Loki ran to the street side, raised his arms, and shouted at the top of his lungs: 

"Everything is shit! Everything will continue to be shit! But _you_ are the only one who can control that shit!" 

He ran back and placed his arm around her. 

"Yes Jane, yes! _You_ decide your life!" He waved his hand as they looked out at the busy street below. " _You_ decide how you live and die! And _no_ one else can! You are your own _destiny._ And you know what I did Jane? I exploded. Literally. With joy." 

He turned again and cupped her face. 

"If the Protect Jane club existed I'd be all for it, but for now we're just gonna keep on being fighting buddies ok?" He told her. "Gotta keep appearances up ya know. Can't give myself away just yet. I'm just laying low. Causing chaos, leaking info about the dark council and Asgard on the internet, listening to Hale-sey, Hall-sey, Hayley, whatever her name is. She's great you know, she like changed my life. It'll be our secret. Pinky promise?" He held his pinky up. 

Thor only glared at him. 

"Follow my twitter account I have five million followers!" Loki handed her a card. "And if you're at a last resort and need some heavy duty backup.
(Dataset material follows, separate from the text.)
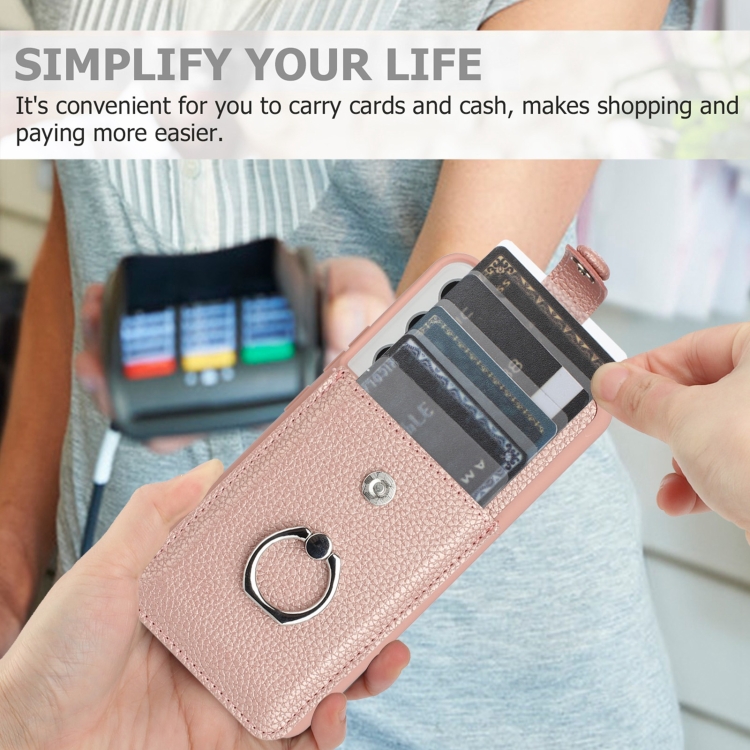 For Samsung Galaxy S22 5G Litchi Texture Drawing Card Bag Ring Holder Phone Case(Wine Red) For Samsung Galaxy S22 5G Litchi Texture Drawing Card Bag Ring Holder Phone Case(Wine Red)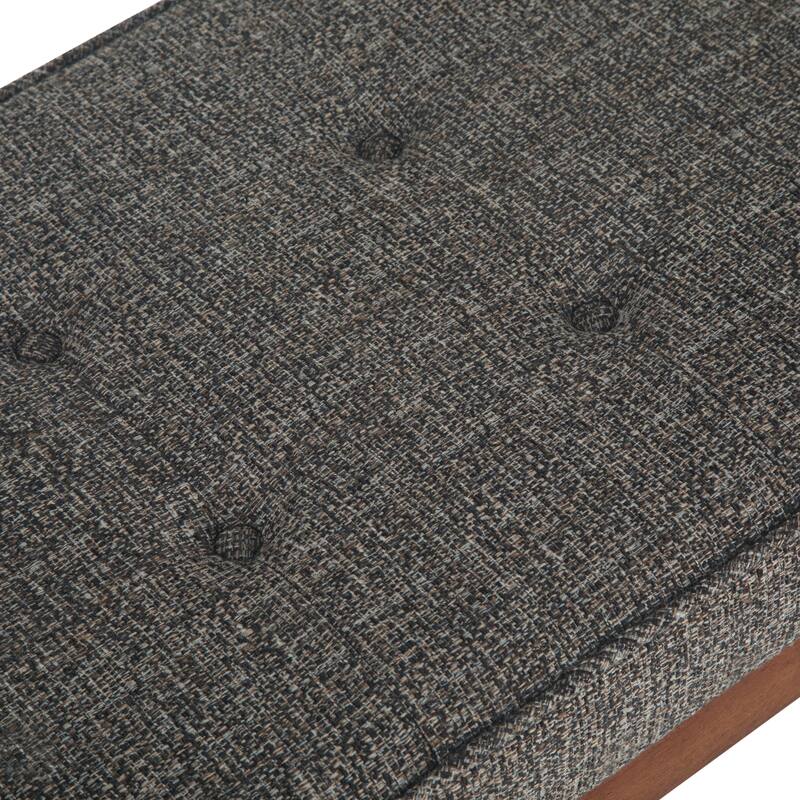 WYNDENHALL Keenan 48 inch Wide Mid Century Modern Rectangle Ottoman Bench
Call me! Just not on Tuesdays 'cause I have taco nights with Deadpool. Well see ya later!I got an invite to a coke party by this girl named Luci and there's no way in Hel I'm turning that down. And then I might get summoned for some seance by some goth uni kids and I might proposition them for a threesome. Turn down for what!" 

His scepter materialized in his hand again. He pointed it midair to form a green portal. 

"Loki you're a pain in the rear!" Thor yelled after him. 

Loki looked back at her and grinned. 

"That's my secret Jane. I am always an _asshole._ " 

And with that he disappeared. 


End file.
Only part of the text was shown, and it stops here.